What's That Bug? does not endorse extermination

Subject: Large spider by swimming pool
Location: Rollingwood, Texas
August 3, 2015 6:01 am
This approx. 3 inch spider has been lying in wait for prey (we think) right inside the opening to one of our pool’s skimmer baskets. There is some rather loose webbing spun inside where we can reach in to remove the basket proper.
I can’t find a spider with similar markings – everything I find has lighter color bands between darker bands rather than dark bands in the center. The legs are slightly banded as well.
I’d like to get proper ID so I can assure folks using the pool the spider isn’t after them and is harmless to swim around? Thank you very much.
Signature: AnxiousPoolMom

Fishing Spider

Six Spotted Fishing Spider

Dear AnxiousPoolMom,
This is definitely a Nursery Web Spider in the family Pisauridae, and we are relatively certain it is a Six Spotted Fishing Spider,
Dolomedes triton, which is a variable species that can be viewed on BugGuide.  Fishing Spiders in the genus Dolomedes are frequently found in the immediate vicinity of a body of water, hence the attractiveness of your pool.  Though they get quite large, Fishing Spiders are not aggressive towards humans and they are not considered dangerous.  There is always the possibility that a bite might occur if carelessly handling a larger spider, but we feel the chances of being bitten are quite slim.

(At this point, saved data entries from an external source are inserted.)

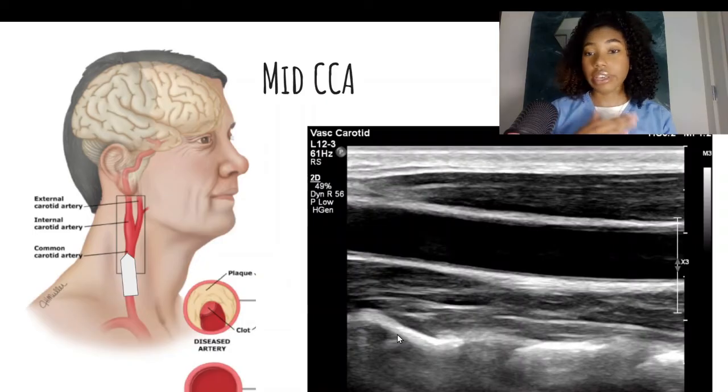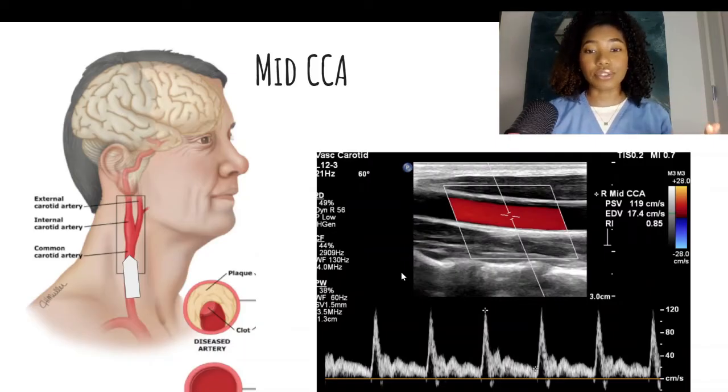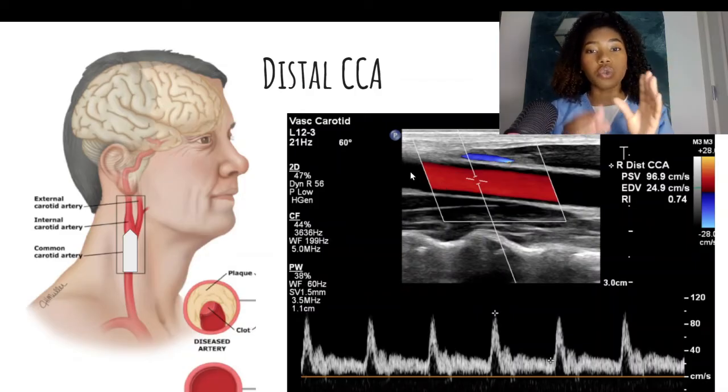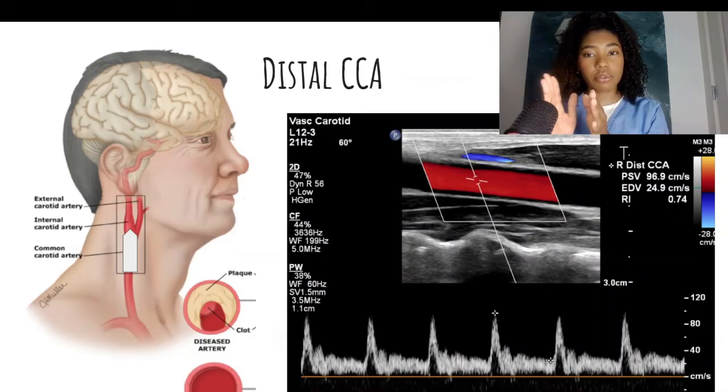Here we are going to do the exact same: image in 2D, color, and pulse wave Doppler. Then we are going to rinse and repeat at the distal common carotid artery — 2D, color, and pulse wave. When you take this pulse wave image of the distal common carotid artery, you are supposed to be a few centimeters from the actual bulb. You don't want to be in the bulb because you will have more of a mixed pattern of flow and more flow reversal. So you want to be a couple centimeters proximal to that area.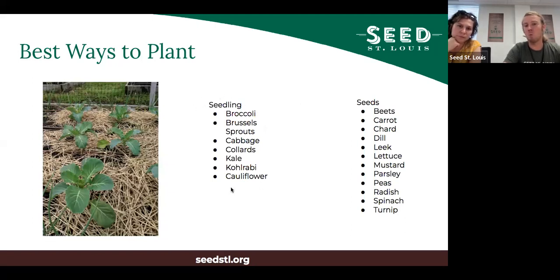In terms of seeds versus seedlings: seedlings are horticulturally most beneficial for brassicas - broccoli, Brussels sprouts, cabbage, collards, kale, kohlrabi, cauliflower - because these plants grow very slowly when young and getting seedlings means some of that slow early growth has already happened. For seeds, root crops like beets, carrots, chard, turnips, radishes, leafy greens like spinach, parsley, mustard, and lettuce all do just as well or better from seed than seedlings.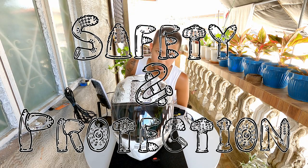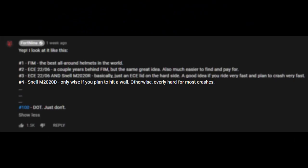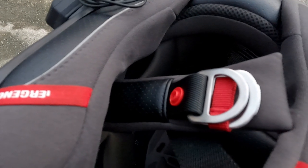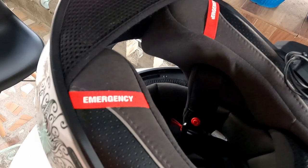Safety and protection: the shell is otherwise adequately hard for most crashes, which I do not intend to test in real life. To keep the helmet from leaving your head in a crash, you get a reliable but inconvenient double-D ring fastener. When the unfortunate time comes, medics can just pull the tabs so they can easily remove your helmet and save your life.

Six Spotted Fishing Spider

Six Spotted Fishing Spider

Daniel:  Thank you!  We have two adult children (one of whom brings his dog over to swim) and though neither is particularly skittish around spiders, due to the size of this one I wanted to be able to assure them there’s no reason to try and harm the spider or even chase it off.  We don’t spray (with rare exceptions) and try to take a no-kill approach whenever possible.  I always feel proper ID is one of the best adjuncts to that approach, but simply couldn’t make the identification in this case.
I sincerely appreciate your help. /Deb Wilson

What's That Bug? does not endorse extermination

Subject: what is this spider?
Location: Stafford Virginia
July 18, 2015 3:05 pm
Can you tell me what this spider is?
Signature: Katyana

Fishing Spider

Fishing Spider

Dear Katyana,
This is a harmless Fishing Spider in the genus
Dolomedes.

What's That Bug? does not endorse extermination

Subject: Spider
Location: Rhode Island , USA
July 11, 2015 2:03 pm
Is this a grass spider?
Signature: Kirsten

Nursery Web Spider with Egg Sac

Nursery Web Spider with Egg Sac

Dear Kirsten,
This is not a Grass Spider.  This pretty little lady is a Nursery Web Spider,
Pisaurina mira, and she is carrying her egg sac.  Nursery Web Spiders are harmless, and not aggressive except when defending their young.  The female Nursery Web Spider has very strong maternal instincts, and she carries her egg sac with her until she finds an appropriate place to leave it.  She then spins a nursery web and continues to guard the eggs and the young until they are ready to disperse.  Nursery Web Spiders are hunting spiders that do not build a web to snare prey.  The sole purpose of the web is for a nursery.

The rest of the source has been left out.